Comunque sia, si tratta di un profondo rinnovamento rispetto alla storia recente della politica italiana. E questo perché c’è un grande assente in questo radicale rivolgimento: il tramonto del centro. Radicalmente scomparso nella coalizione di sinistra e progressista e del tutto marginale e periferico in quella guidata dalla premier Giorgia Meloni. Non a caso, per quanto riguarda la sinistra, si riparla e giustamente, del ritorno, seppur in forma aggiornata e rivista, della “gioiosa macchina da guerra” di occhettiana memoria. Mentre, per quanto riguarda la destra, la trasformazione di Forza Italia in un semplice ramo di azienda ha, oggettivamente, ridimensionato le ambizioni politiche, culturali e programmatiche di quel partito rispetto al resto della coalizione.
È di tutta evidenza che si tratta di un cambiamento destinato anche e soprattutto ad incidere sui connotati tradizionali della politica italiana. Il centrosinistra che abbiamo conosciuto all’inizio della cosiddetta seconda repubblica è, di fatto, tramontato definitivamente ed irreversibilmente. Parlo, come ovvio, di una coalizione che contava la presenza di un centro e di una sinistra che, insieme, davano vita ad una coalizione equilibrata, riformista, democratica e con una spiccata cultura di governo. Oggi, al contrario, possiamo tranquillamente sostenere che parliamo di una alleanza che unisce le varie sfaccettature della sinistra. Ossia, la sinistra radicale e massimalista della Schlein, la sinistra populista e demagogica dei 5 stelle di Conte, la sinistra estremista e ideologica del trio Fratoianni/Bonelli/Salis e la sinistra classista e pan sindacale della Cgil di Landini. Appunto, una coalizione di sinistra e progressista.

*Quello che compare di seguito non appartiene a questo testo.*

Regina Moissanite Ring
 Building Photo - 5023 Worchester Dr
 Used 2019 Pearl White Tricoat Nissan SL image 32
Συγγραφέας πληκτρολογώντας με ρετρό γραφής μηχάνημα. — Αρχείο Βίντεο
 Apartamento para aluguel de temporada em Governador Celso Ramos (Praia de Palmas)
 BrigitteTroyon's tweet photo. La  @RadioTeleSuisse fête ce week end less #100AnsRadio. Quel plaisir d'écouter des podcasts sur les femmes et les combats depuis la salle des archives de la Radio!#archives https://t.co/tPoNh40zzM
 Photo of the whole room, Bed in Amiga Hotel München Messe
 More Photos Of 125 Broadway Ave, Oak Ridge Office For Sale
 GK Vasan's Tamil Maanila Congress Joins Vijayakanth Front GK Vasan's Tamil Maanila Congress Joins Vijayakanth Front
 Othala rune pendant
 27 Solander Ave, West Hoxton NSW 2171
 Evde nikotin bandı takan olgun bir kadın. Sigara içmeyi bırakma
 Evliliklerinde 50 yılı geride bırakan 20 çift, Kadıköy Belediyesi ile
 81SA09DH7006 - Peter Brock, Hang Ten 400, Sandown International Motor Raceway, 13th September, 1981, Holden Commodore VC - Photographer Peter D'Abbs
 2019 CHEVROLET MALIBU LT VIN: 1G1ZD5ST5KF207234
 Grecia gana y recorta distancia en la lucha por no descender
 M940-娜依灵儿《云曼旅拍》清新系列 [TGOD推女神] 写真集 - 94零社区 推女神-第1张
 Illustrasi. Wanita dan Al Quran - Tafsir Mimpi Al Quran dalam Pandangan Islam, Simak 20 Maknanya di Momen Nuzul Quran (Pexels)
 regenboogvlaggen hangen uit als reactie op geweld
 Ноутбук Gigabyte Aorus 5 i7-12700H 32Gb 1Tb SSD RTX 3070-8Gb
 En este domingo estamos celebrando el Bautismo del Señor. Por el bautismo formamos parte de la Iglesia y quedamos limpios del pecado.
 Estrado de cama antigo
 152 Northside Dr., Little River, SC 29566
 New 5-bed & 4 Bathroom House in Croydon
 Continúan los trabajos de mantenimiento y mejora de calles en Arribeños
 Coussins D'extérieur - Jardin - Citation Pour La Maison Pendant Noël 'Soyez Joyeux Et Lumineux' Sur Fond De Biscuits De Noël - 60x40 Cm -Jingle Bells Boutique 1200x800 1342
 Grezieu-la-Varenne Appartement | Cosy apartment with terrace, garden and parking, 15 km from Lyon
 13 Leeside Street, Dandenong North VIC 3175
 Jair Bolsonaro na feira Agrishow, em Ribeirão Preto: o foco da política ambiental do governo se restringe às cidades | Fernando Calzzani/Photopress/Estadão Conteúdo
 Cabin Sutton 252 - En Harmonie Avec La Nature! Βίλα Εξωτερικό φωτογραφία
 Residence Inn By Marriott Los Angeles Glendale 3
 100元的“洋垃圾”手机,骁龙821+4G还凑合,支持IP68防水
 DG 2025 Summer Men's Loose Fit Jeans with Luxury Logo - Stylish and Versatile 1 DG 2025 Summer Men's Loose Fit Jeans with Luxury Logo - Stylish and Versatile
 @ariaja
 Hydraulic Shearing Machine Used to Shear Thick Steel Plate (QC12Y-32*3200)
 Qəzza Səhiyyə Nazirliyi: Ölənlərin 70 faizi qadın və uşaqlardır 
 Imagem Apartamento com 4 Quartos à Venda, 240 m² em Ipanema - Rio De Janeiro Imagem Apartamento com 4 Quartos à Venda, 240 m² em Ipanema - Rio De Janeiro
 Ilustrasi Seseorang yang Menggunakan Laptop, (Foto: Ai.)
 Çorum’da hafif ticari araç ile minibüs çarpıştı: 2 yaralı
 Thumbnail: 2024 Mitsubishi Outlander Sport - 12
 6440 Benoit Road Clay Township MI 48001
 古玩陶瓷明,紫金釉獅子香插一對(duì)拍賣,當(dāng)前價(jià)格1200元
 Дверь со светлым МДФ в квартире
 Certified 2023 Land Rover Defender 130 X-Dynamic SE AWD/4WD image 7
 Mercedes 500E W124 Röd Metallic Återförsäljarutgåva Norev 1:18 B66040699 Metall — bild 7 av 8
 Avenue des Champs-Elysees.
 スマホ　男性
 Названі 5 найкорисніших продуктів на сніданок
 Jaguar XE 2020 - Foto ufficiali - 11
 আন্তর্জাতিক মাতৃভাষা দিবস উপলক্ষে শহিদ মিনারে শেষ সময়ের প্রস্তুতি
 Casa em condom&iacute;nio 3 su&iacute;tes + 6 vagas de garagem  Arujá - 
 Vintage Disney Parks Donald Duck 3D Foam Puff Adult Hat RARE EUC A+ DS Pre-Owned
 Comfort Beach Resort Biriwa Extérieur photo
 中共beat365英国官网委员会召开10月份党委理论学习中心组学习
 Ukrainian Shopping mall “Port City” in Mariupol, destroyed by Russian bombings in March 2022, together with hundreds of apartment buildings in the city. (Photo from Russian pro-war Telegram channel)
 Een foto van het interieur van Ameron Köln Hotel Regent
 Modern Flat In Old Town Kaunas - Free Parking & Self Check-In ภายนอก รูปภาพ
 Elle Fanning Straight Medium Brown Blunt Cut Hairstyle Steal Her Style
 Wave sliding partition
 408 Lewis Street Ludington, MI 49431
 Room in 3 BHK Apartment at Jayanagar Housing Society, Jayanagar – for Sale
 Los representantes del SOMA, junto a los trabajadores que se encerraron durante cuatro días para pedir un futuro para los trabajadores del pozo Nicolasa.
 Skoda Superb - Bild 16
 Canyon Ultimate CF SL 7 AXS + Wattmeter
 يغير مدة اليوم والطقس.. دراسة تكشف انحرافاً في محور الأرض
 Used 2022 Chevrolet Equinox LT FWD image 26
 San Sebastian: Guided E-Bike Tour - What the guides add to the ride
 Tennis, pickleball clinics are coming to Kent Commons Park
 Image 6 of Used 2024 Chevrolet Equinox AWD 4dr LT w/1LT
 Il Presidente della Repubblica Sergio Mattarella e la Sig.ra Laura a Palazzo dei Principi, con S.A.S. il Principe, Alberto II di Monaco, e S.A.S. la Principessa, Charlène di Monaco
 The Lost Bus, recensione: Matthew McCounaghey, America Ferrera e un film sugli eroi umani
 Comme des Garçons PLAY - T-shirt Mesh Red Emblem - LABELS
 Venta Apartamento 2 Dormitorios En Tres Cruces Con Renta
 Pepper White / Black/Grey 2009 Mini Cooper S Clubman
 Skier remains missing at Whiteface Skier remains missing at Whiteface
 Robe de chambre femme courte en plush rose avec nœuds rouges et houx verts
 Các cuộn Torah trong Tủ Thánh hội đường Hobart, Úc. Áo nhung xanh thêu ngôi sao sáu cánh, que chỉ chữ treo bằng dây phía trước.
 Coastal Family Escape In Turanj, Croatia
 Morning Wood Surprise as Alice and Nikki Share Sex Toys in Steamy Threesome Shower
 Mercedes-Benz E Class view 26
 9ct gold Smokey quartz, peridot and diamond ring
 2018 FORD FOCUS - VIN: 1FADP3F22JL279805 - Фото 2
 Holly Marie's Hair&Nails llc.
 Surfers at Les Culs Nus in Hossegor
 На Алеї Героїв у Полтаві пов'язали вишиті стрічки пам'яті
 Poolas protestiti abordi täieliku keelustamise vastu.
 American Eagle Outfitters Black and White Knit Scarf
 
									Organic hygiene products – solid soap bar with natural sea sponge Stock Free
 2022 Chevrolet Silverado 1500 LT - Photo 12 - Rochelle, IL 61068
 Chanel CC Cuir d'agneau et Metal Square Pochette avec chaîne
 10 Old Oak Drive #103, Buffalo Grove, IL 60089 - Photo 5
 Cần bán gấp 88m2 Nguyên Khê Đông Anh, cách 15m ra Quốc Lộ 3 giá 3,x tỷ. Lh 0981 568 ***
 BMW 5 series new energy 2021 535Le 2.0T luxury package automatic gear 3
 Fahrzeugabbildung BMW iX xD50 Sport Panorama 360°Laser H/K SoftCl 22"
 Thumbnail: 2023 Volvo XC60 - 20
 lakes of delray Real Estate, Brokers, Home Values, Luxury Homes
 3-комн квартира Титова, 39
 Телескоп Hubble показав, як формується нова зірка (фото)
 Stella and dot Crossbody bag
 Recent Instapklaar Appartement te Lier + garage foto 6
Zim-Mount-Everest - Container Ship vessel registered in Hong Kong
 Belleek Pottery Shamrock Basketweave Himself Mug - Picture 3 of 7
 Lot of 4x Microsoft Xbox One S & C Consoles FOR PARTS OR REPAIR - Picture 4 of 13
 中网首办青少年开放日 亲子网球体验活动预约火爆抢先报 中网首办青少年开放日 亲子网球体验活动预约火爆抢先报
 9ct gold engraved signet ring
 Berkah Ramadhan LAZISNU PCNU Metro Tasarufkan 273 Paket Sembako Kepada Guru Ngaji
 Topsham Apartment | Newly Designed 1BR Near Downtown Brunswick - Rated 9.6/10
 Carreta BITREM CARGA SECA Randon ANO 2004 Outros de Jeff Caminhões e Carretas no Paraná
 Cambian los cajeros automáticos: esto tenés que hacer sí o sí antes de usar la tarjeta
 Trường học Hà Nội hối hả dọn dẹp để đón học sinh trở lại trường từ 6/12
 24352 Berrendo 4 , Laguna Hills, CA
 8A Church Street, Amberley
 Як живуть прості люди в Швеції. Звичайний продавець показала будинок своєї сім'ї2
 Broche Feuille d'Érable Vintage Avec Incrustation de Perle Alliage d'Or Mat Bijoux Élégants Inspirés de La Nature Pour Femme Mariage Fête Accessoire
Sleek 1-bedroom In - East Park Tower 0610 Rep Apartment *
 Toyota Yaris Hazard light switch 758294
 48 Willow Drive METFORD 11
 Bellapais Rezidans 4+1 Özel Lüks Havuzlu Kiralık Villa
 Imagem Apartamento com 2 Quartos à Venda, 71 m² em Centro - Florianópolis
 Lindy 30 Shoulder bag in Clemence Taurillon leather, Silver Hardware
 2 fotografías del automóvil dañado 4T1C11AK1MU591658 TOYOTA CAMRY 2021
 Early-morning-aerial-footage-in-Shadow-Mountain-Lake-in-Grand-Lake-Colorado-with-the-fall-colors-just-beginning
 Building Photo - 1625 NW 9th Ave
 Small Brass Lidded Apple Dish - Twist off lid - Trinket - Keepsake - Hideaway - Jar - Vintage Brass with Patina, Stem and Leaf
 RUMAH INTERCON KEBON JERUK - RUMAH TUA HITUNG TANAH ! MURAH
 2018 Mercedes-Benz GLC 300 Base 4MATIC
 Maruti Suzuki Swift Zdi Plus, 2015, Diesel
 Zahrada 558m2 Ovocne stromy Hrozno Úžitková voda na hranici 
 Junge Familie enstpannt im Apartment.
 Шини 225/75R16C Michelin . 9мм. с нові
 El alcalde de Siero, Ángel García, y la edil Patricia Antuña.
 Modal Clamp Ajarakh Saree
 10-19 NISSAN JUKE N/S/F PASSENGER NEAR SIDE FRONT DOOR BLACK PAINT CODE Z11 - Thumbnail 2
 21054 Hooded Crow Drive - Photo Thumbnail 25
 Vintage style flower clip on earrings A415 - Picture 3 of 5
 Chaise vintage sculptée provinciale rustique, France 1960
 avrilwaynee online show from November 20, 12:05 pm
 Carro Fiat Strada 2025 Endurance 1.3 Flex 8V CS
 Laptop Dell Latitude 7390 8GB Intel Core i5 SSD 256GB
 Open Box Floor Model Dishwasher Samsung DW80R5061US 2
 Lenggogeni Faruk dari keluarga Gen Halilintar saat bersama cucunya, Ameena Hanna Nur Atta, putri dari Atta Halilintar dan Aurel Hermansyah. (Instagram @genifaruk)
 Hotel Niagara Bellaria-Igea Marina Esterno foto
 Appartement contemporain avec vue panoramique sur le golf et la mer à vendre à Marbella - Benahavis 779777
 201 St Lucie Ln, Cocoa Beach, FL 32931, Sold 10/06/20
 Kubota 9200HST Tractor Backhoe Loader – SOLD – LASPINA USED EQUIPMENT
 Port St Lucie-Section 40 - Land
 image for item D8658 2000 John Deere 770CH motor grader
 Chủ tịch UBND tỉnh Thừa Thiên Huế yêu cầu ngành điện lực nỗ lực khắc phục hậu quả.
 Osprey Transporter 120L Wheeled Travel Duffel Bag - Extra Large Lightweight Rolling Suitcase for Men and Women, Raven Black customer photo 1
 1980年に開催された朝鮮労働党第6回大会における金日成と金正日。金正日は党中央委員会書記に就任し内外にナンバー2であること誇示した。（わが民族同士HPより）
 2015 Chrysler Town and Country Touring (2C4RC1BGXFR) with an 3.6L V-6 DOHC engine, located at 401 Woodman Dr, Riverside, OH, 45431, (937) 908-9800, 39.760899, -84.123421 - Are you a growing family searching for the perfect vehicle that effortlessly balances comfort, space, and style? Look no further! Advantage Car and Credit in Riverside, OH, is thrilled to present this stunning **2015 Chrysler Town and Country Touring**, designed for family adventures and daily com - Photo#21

Sul versante della destra, invece, la personalità, il carisma e l’autorevolezza di Giorgia Meloni sono talmente forti ed evidenti che riducono l’apporto di tutto ciò che è riconducibile al centro ad un puro e semplice orpello. Nulla di più e nulla di meno.
In entrambe le coalizioni, comunque sia, l’apporto, il ruolo e il contributo di quella che comunemente viene definita “politica di centro” è politicamente ininfluente e del tutto irrilevante. Un cambiamento significativo che quasi impone di battere un colpo a chi non si rassegna ad un contesto che ha quasi raso al suolo il patrimonio culturale, politico e programmatico di un centro democratico, riformista, plurale e di governo. E questa iniziativa dev’essere quella di rilanciare un polo autonomo di centro, culturalmente plurale e non riconducibile ad un solo filone di pensiero, autenticamente riformista e che sia in grado, soprattutto, di recuperare, rendendolo contemporaneo, quel patrimonio storico che ha caratterizzato le stagioni migliori della politica italiana.
Per queste ragioni, semplici ma oggettive, occorre prendere atto dei mutamenti intervenuti in questa fase politica italiana e attrezzarsi affinché non si assecondi quella radicalizzazione della lotta politica nel nostro Paese che rischia di recuperare uno dei tasselli più nefasti della storia democratica italiana. Ovvero quella deriva che negli anni ’70 e ’80 era racchiusa nello slogan degli “opposti estremismi” e che oggi, con un linguaggio più appropriato, si chiama semplicemente “gli opposti populismi”. Per opporsi a tutto ciò, adesso, serve recuperare il progetto politico di un nuovo centro.